Indonesian Political, Business & Finance News

Stop blaming RI for haze: Anwar

| Source: AP

Stop blaming RI for haze: Anwar

KUALA LUMPUR (Agencies): The deputy prime minister called on
Malaysians yesterday to stop blaming Indonesia for the eye-
burning smog that has blanketed Southeast Asia.

While acknowledging the haze had affected public health and
could harm the economies of the Association of Southeast Asian
Nations (ASEAN) members, Deputy Prime Minister Anwar Ibrahim said
the problem must be handled in a way that won't jeopardize
Malaysia's relations with Indonesia.

"We realize that the solution lies not in pointing the finger,
but in the ASEAN spirit of consensus," Anwar said.

"I think there was a communication problem in the beginning,
but the situation appears more positive now and Indonesia appears
to be taking good measures," Anwar said.

Hundreds of forest and scrub fires, many of them deliberately
lit to clear land for plantations, have been burning across
Indonesia for weeks.
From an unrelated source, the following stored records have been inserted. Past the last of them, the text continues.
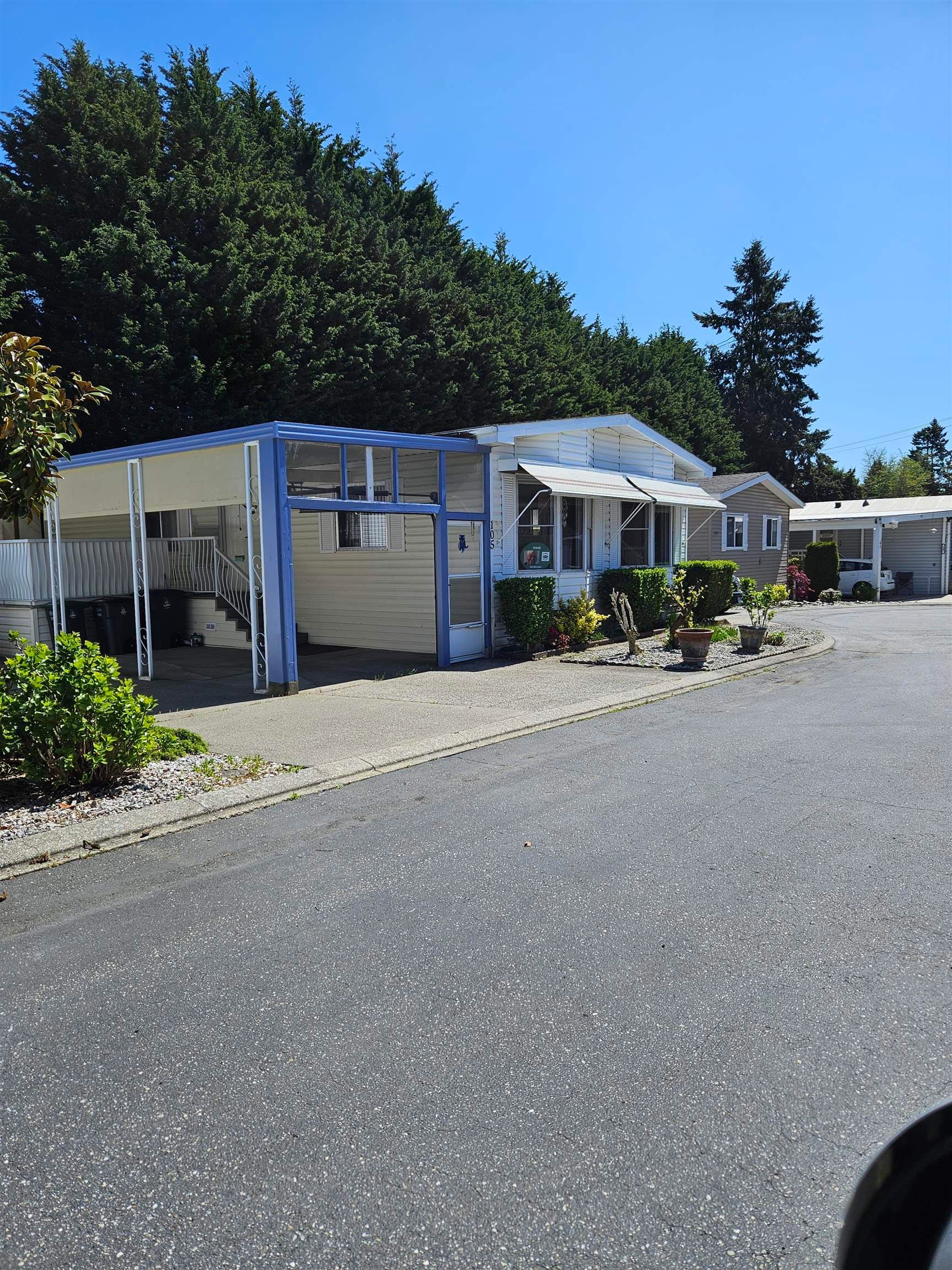 105 - 2062 King George Boulevard, Surrey, V4A 5A2 — photo 2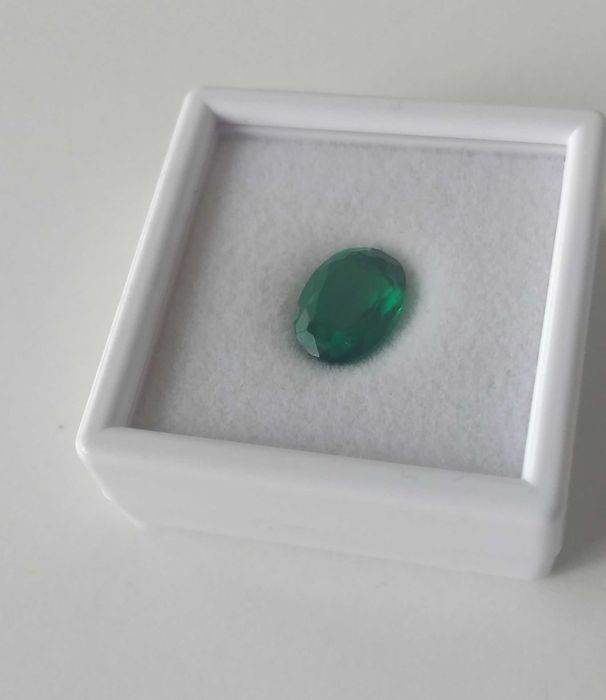 Pedra preciosa Esmeralda com certificado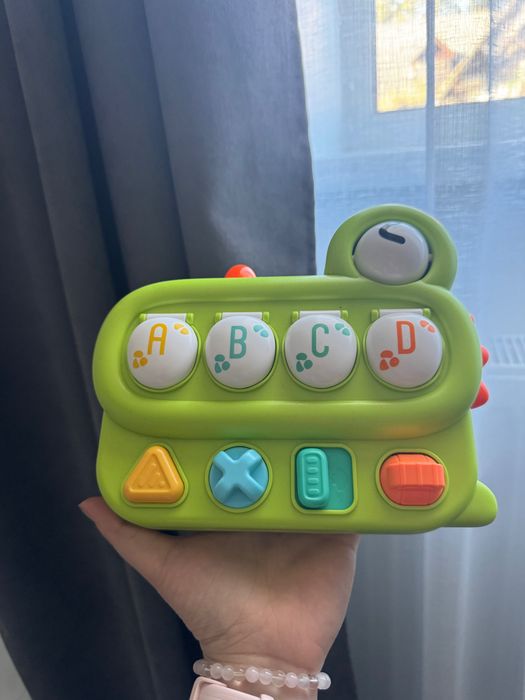 Лот дитячих іграшок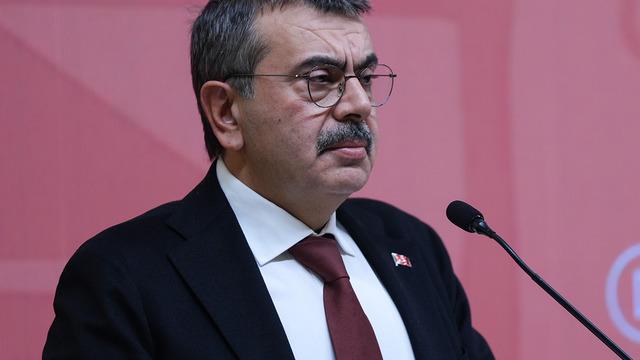 Bakan Tekin: ‘Çocuklara LGBT propagandası yapılmakta’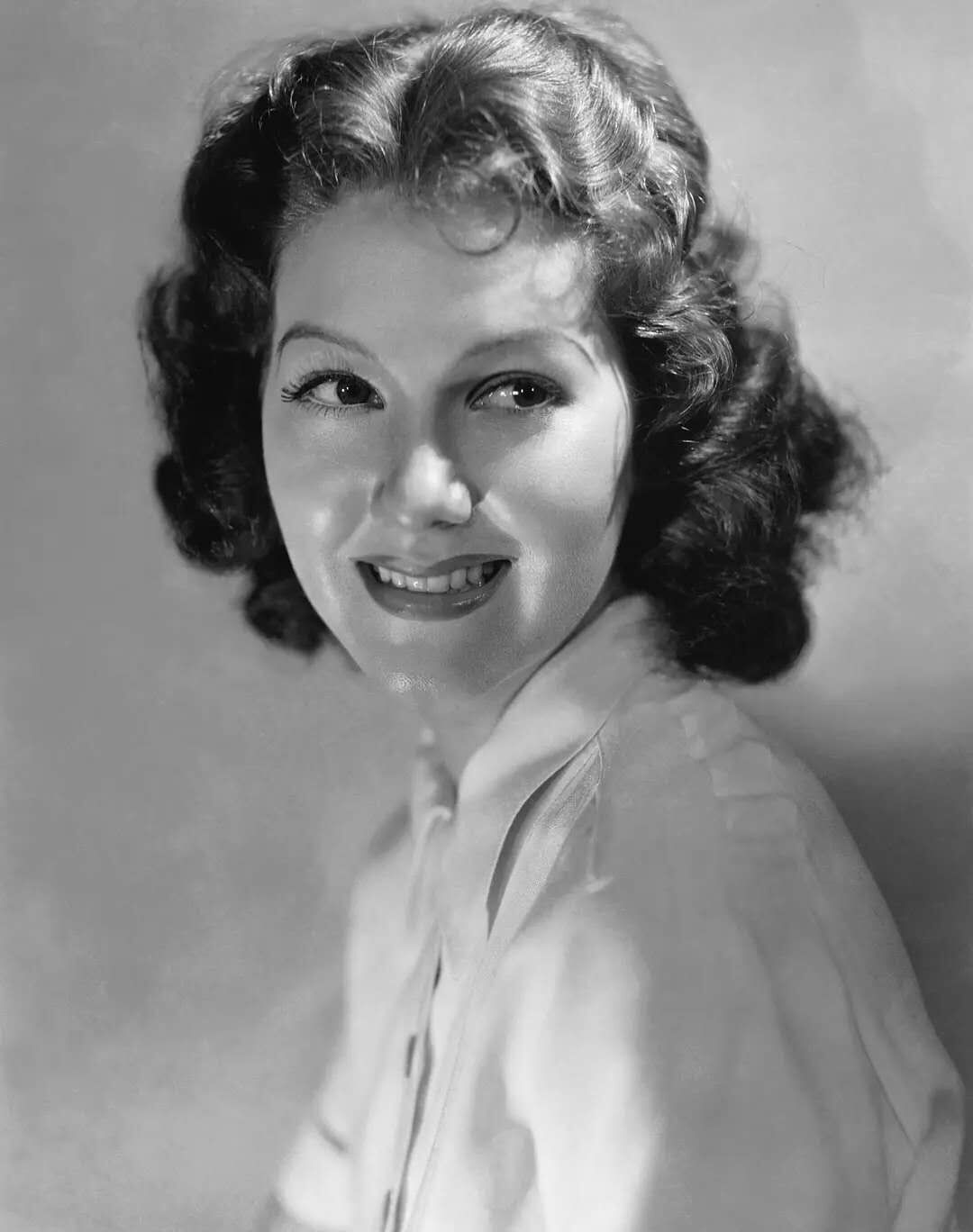 2018年12月30日 18:07   关注  jean parker 1915-2005年 欧美明星
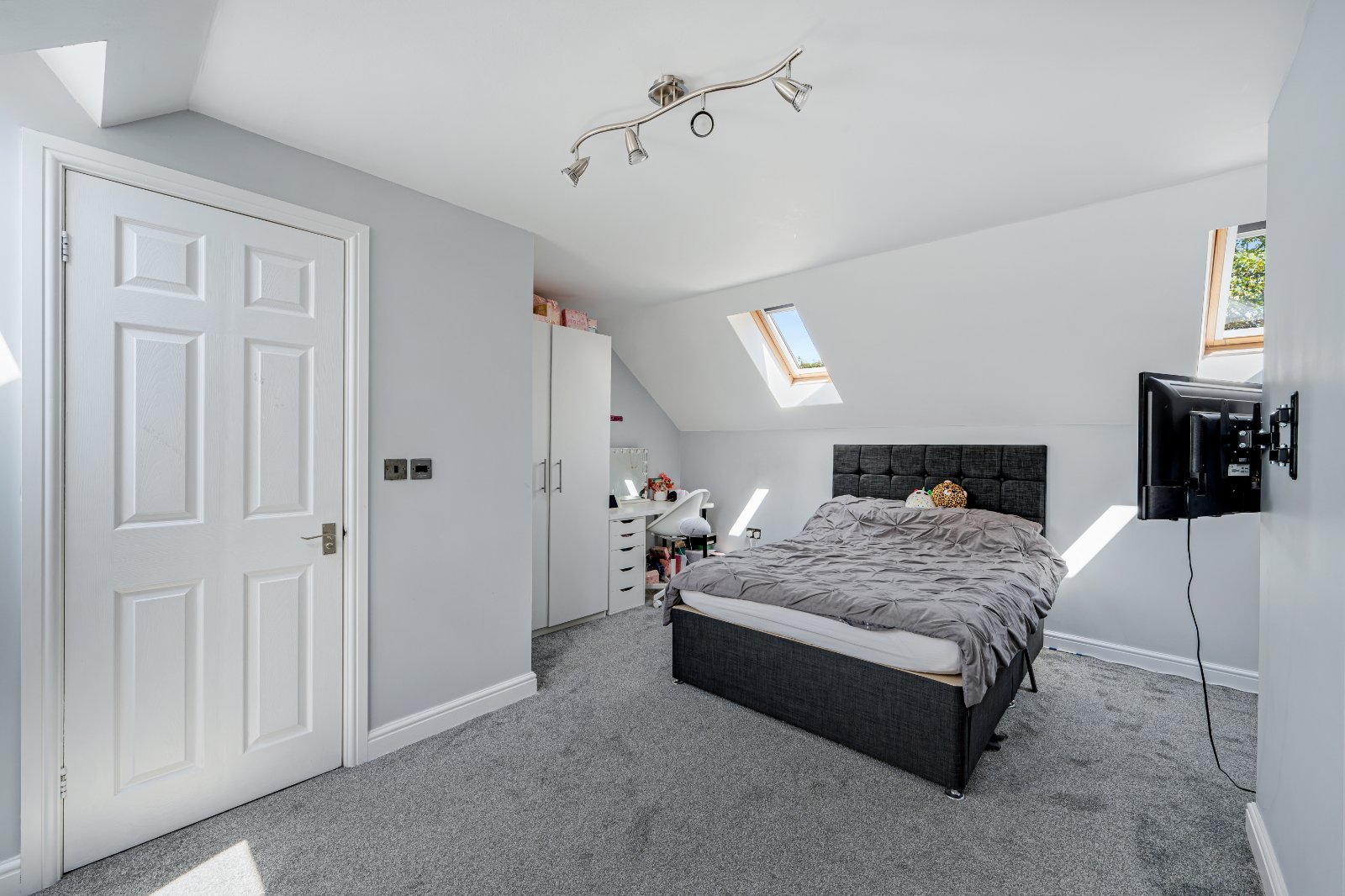 Southroyd Gardens, Pudsey, West Yorkshire, LS28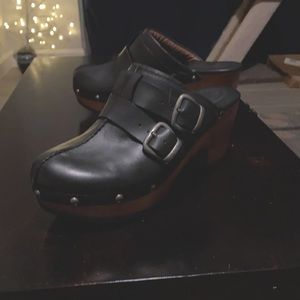 Beautiful Ariat NEW black clogs with side buckle.
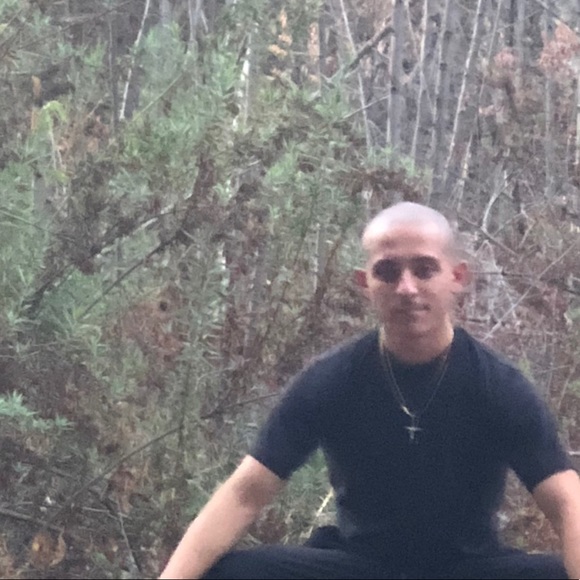 Profile Picture of Alex Sermani (@a_sermani8) on Poshmark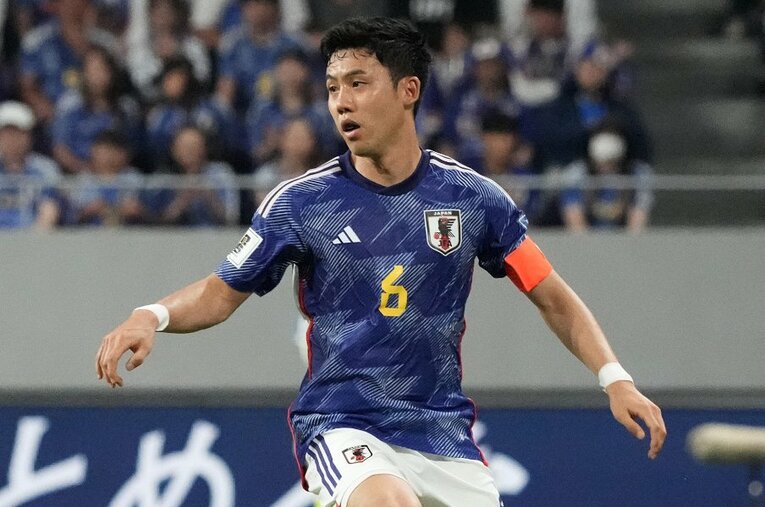 オーバーエイジでのパリ五輪出場が見込まれていた遠藤航だが、一転して“招集断念”との報道も出てきている ／ photograph by Getty Images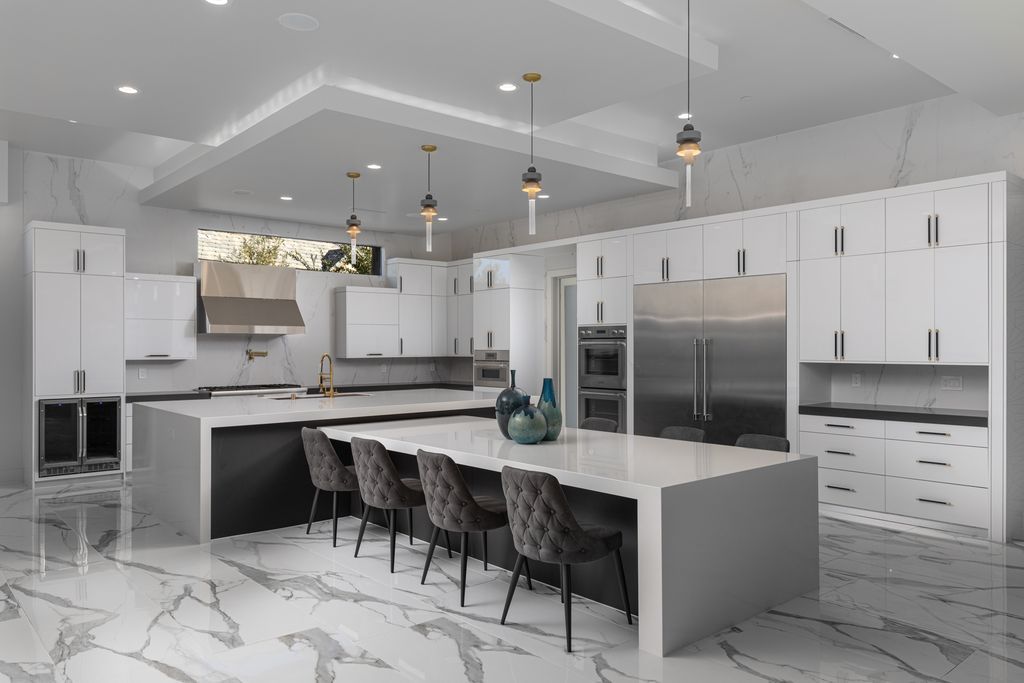 38 Ravenswood Avenue, Las Vegas, Nevada is a new custom home in the 24-hour guard-gated community of Southern Highlands Golf Club and breathtaking views of the nearby mountains.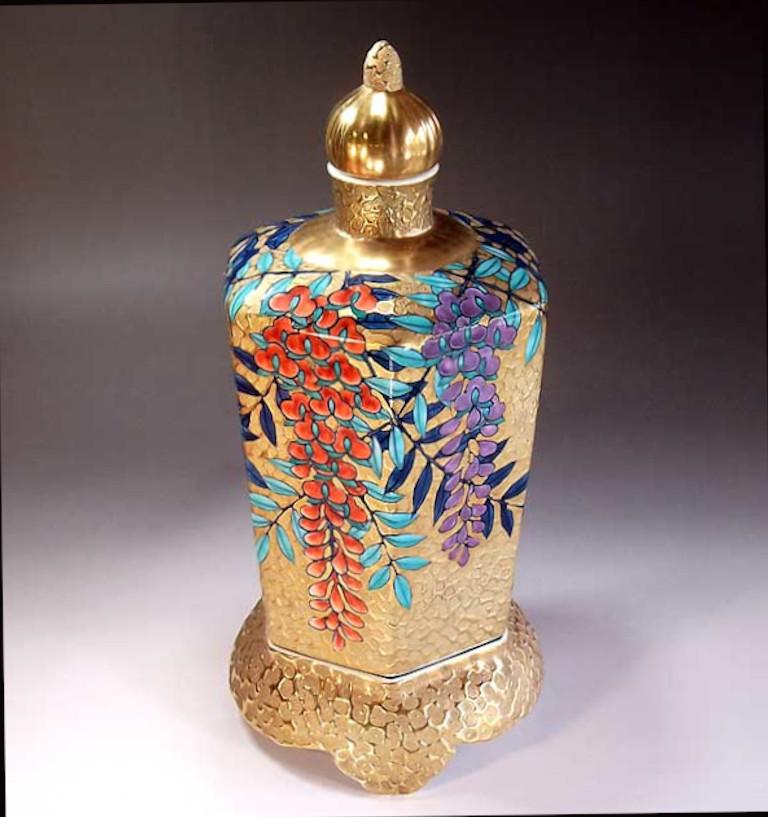 Doré Jarre à couvercle en porcelaine dorée:: rouge et violette:: de style japonais contemporain:: réalisée par un maître artiste en vente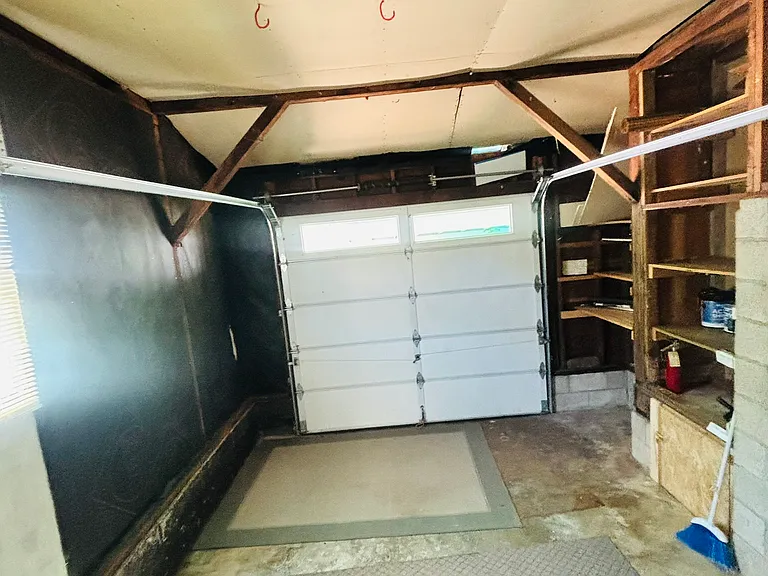 Fairview Way — Photo 18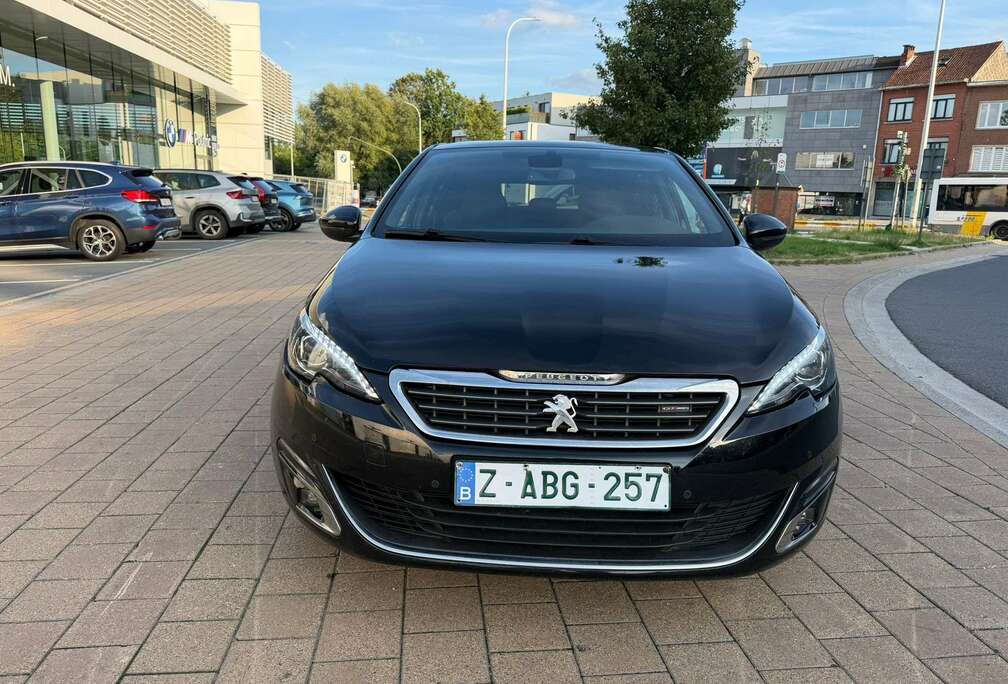 Peugeot 308 1.2 i GT Line STT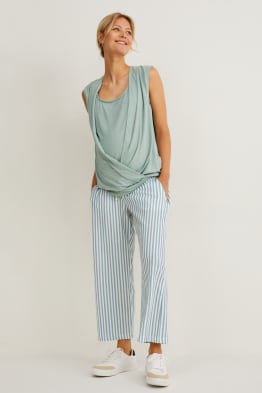 Pantaloni premaman: la moda per le future mamme creata da C\u0026A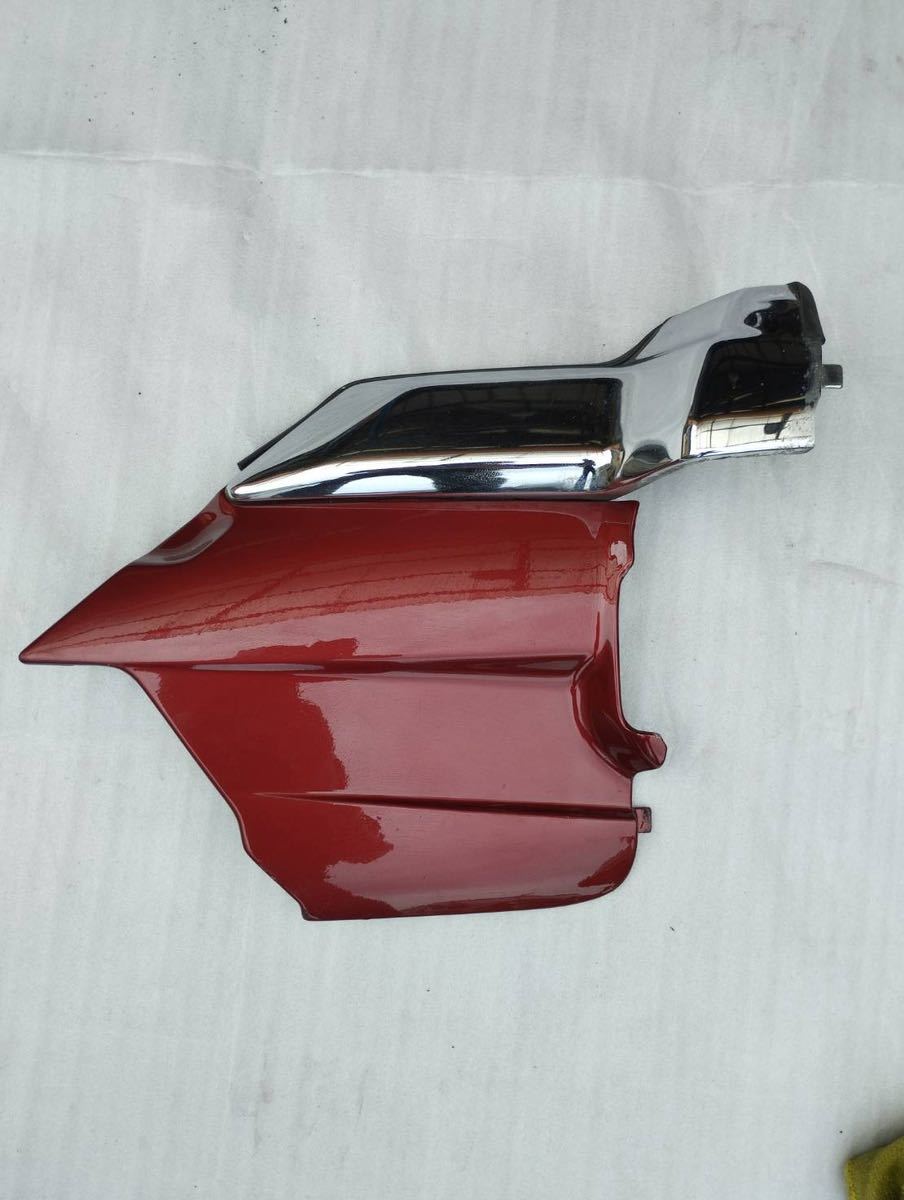 ホンダ　HONDA ゴールドウィング　GL1500 SC22 サイドカバー　右側　中古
Thick smog has drifted over neighboring
Malaysia, southern Thailand and parts of the Philippines, as well
as Singapore and Brunei.

Shifting winds and rains in the past two days have provided
some relief in Indonesia and Malaysia, though pollution levels in
Singapore soared Thursday.

Many environmentalists and some government officials in
Malaysia have attacked Indonesia for not doing enough to prevent
and put out the fires.

On Thursday, Industries Minister Lim Keng Yaik said he was
disappointed Indonesia hadn't mobilized all its available
resources to put out the peat fires that have burned some 600,000
hectares of land.

Lim said he had proposed to the Indonesians five years ago
that they should have a better monitoring system to prevent
forest fires.

Indonesia and Malaysia have deployed about 10,000
firefighters, but say it will take the upcoming monsoon rains to
put the fires out, as has happened most years.

Separately, Malaysia's environment department said yesterday
that the clear skies over the country now could again be shrouded
with smog from forest fires if the current wind conditions
change.

"What we know is that the worst for Indonesia in terms of the
forest fires is far from over and that could be mean we are still
at risk," department director-general Tan Meng Leng said.

"If the northeasterly winds blowing through Malaysia now
become less effective and bring less rain, then the smog could
return," he said.

In Malaysia's eastern Pahang state, peat fires that had been
smoldering for the past several days in a forest were mostly
extinguished by an overnight rainfall, officials said.

"It's down to embers," Azman Mohamed, deputy head of fire
operations in Pahang's state capital of Kuantan, told Reuters by
telephone. About 20 firefighters were standing by in case the
flames flared up again.

A lack of rain and dwindling water supply from a nearby stream
had originally hampered the firefighters' efforts. Residents of
the area said it had not rained for weeks.

Malaysia's Air Pollutant Index in Kuala Lumpur was at a "good"
level of 50 yesterday, said Tan, compared to the "unhealthy" and
"hazardous" range of between 200 and 300 in the past month.